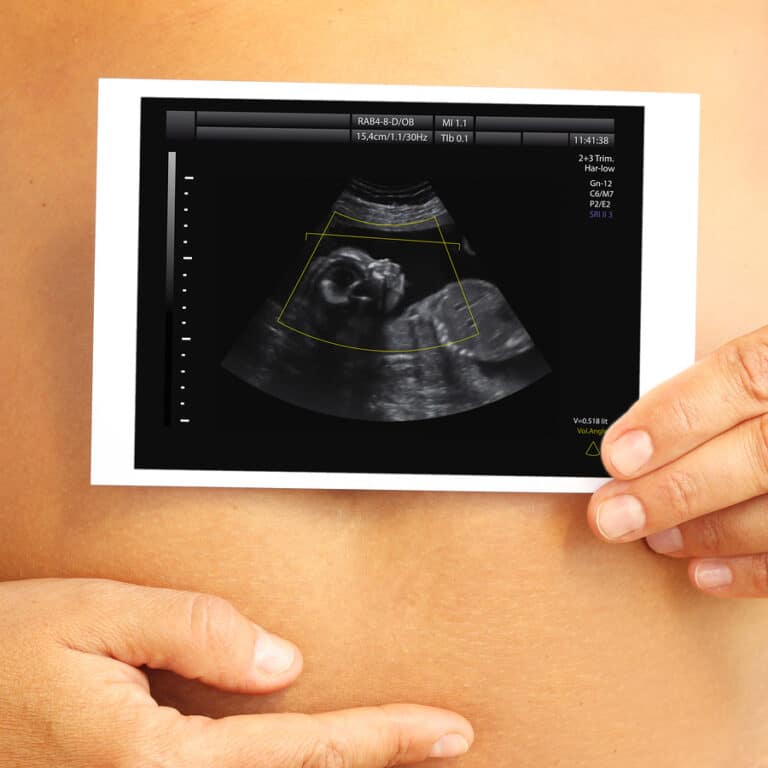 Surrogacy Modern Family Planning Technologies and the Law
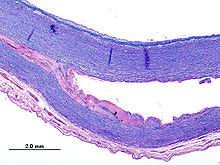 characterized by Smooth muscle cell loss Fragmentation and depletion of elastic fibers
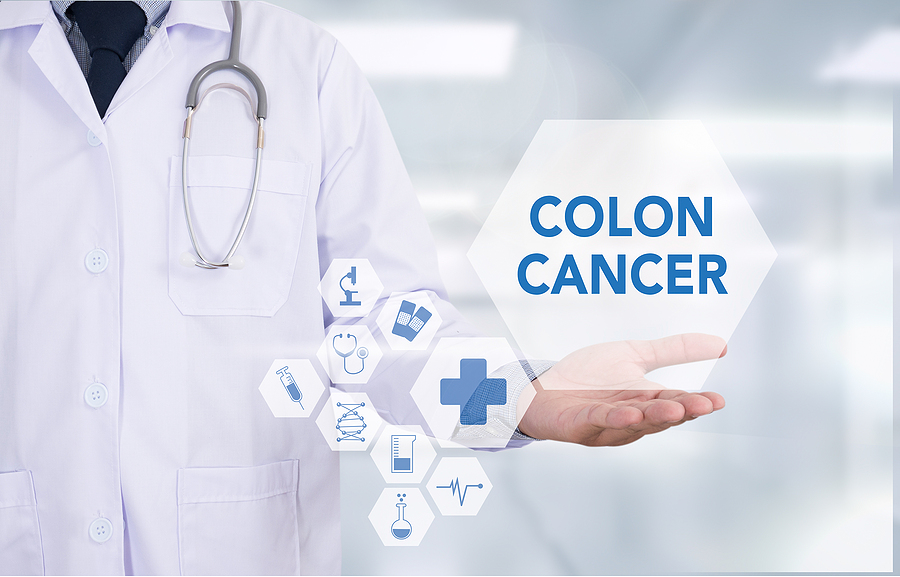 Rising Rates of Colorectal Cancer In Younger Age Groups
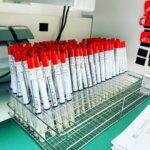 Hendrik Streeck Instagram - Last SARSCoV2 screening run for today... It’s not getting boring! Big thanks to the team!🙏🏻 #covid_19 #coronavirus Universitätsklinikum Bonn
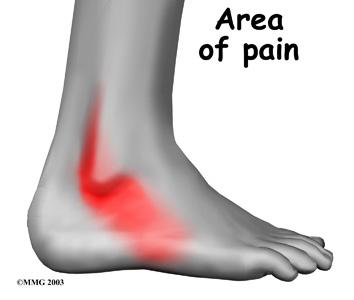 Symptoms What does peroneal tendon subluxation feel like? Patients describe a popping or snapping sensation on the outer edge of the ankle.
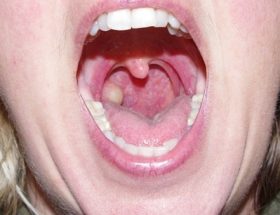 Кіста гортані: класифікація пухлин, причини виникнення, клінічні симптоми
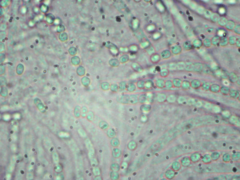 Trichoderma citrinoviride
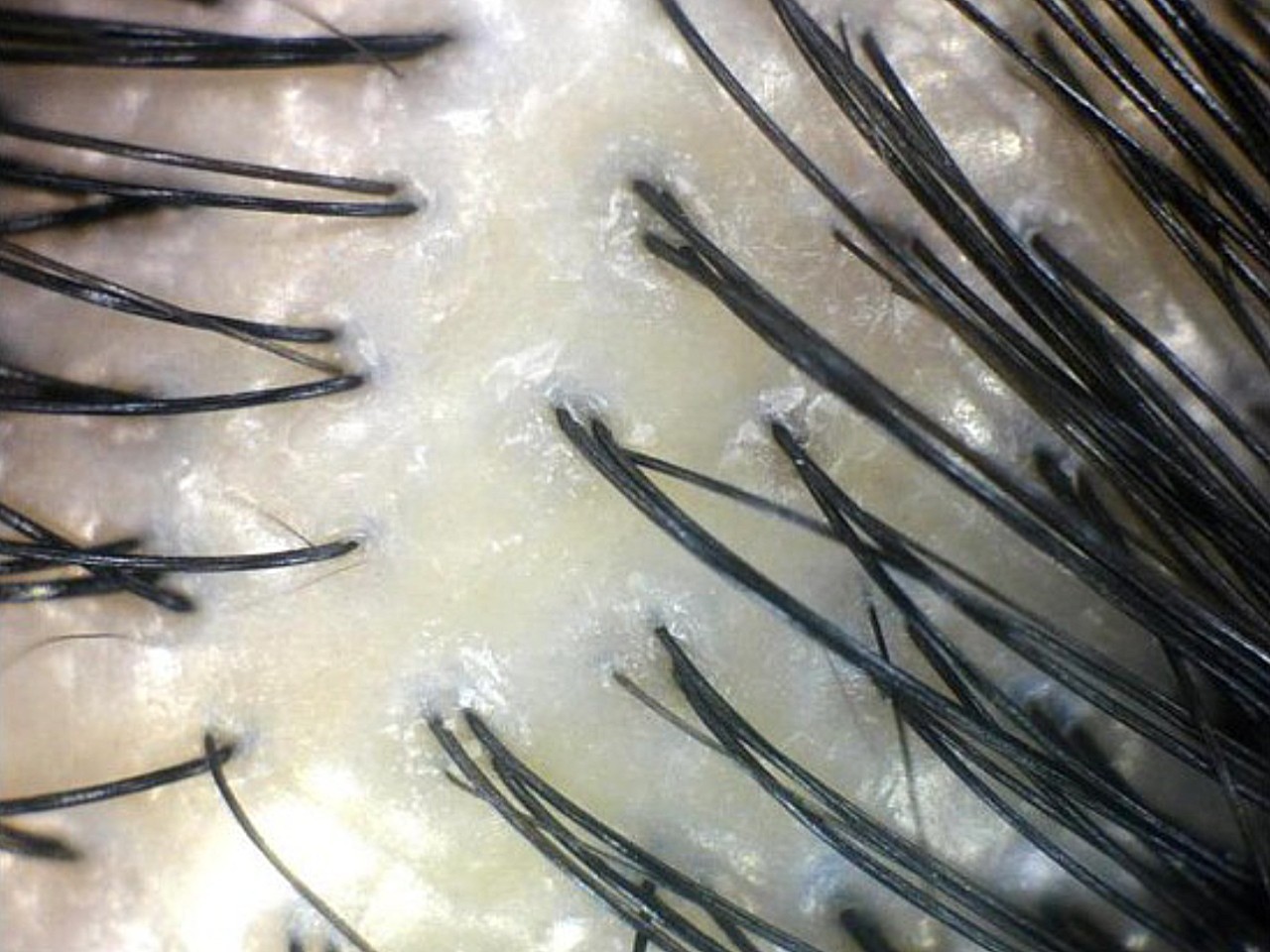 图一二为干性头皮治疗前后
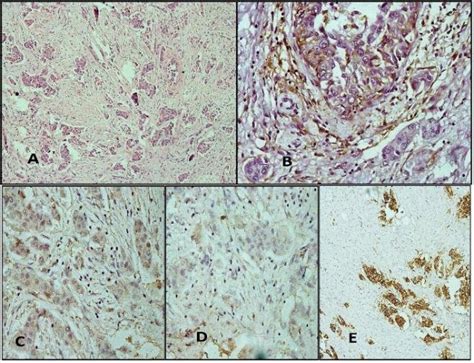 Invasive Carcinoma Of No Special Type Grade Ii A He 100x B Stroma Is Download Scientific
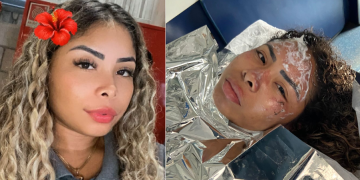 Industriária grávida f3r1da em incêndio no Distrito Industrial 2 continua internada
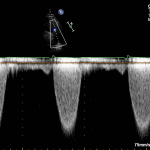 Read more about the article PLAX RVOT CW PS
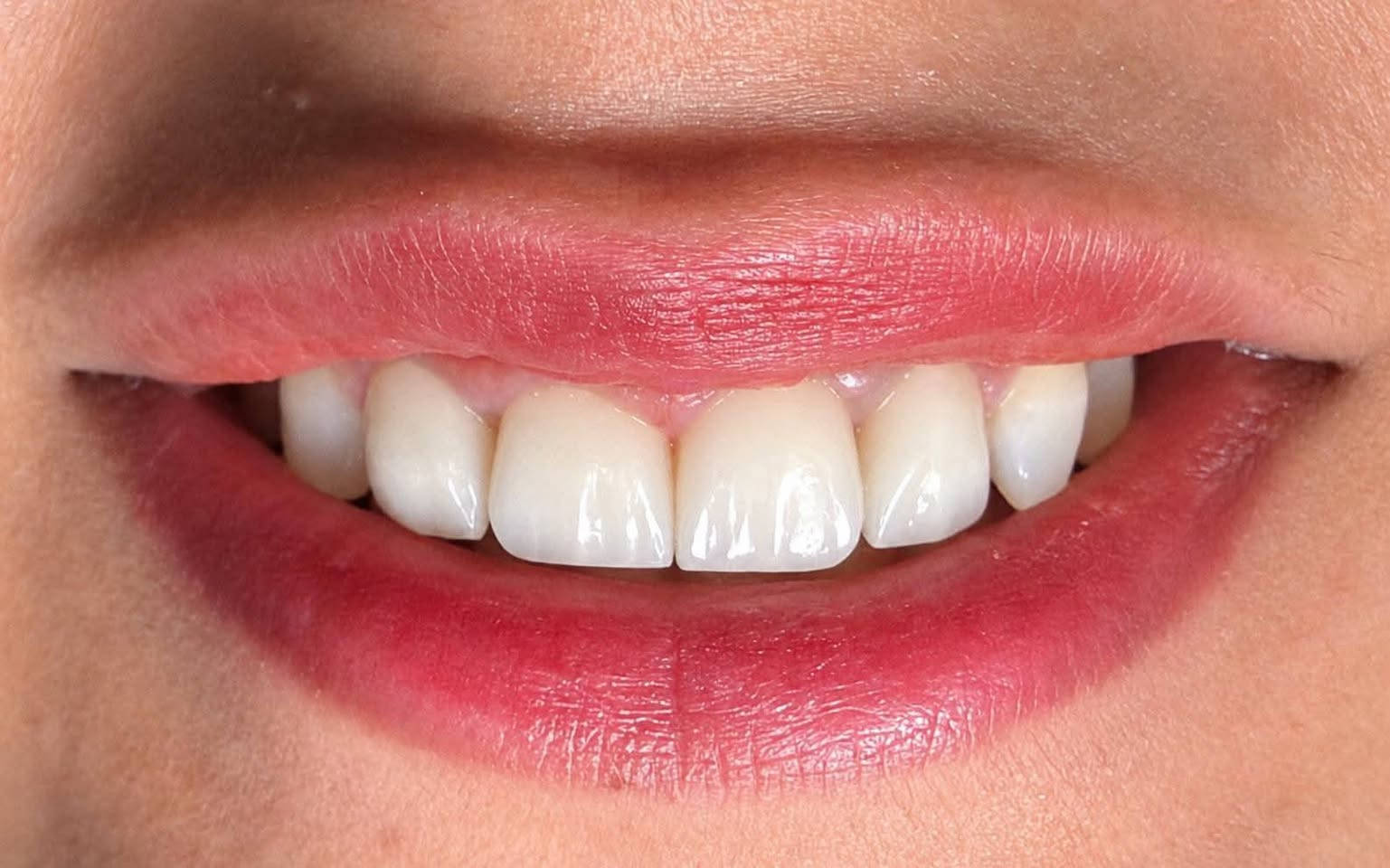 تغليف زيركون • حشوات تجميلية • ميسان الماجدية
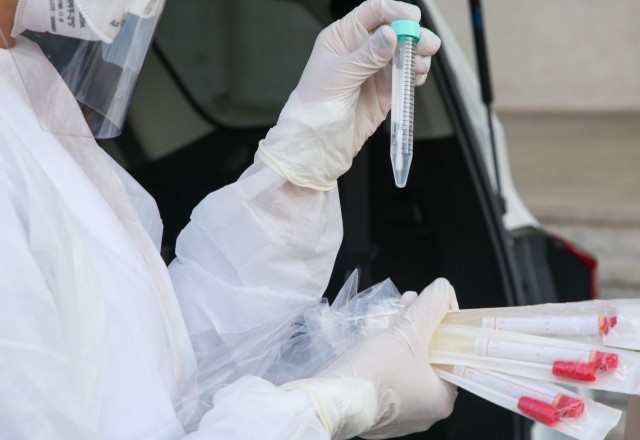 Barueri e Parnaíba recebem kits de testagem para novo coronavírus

◇ ◇ ◇

_Work item_:
Omit the pictures; restate every entry word for word.

_Answer section_:
 Surrogacy Modern Family Planning Technologies and the Law
 characterized by Smooth muscle cell loss Fragmentation and depletion of elastic fibers
 Rising Rates of Colorectal Cancer In Younger Age Groups
 Hendrik Streeck Instagram - Last SARSCoV2 screening run for today... It’s not getting boring! Big thanks to the team!🙏🏻 #covid_19 #coronavirus Universitätsklinikum Bonn
 Symptoms What does peroneal tendon subluxation feel like? Patients describe a popping or snapping sensation on the outer edge of the ankle.
 Кіста гортані: класифікація пухлин, причини виникнення, клінічні симптоми
 Trichoderma citrinoviride
 图一二为干性头皮治疗前后
 Invasive Carcinoma Of No Special Type Grade Ii A He 100x B Stroma Is Download Scientific
 Industriária grávida f3r1da em incêndio no Distrito Industrial 2 continua internada
 Read more about the article PLAX RVOT CW PS
 تغليف زيركون • حشوات تجميلية • ميسان الماجدية
 Barueri e Parnaíba recebem kits de testagem para novo coronavírus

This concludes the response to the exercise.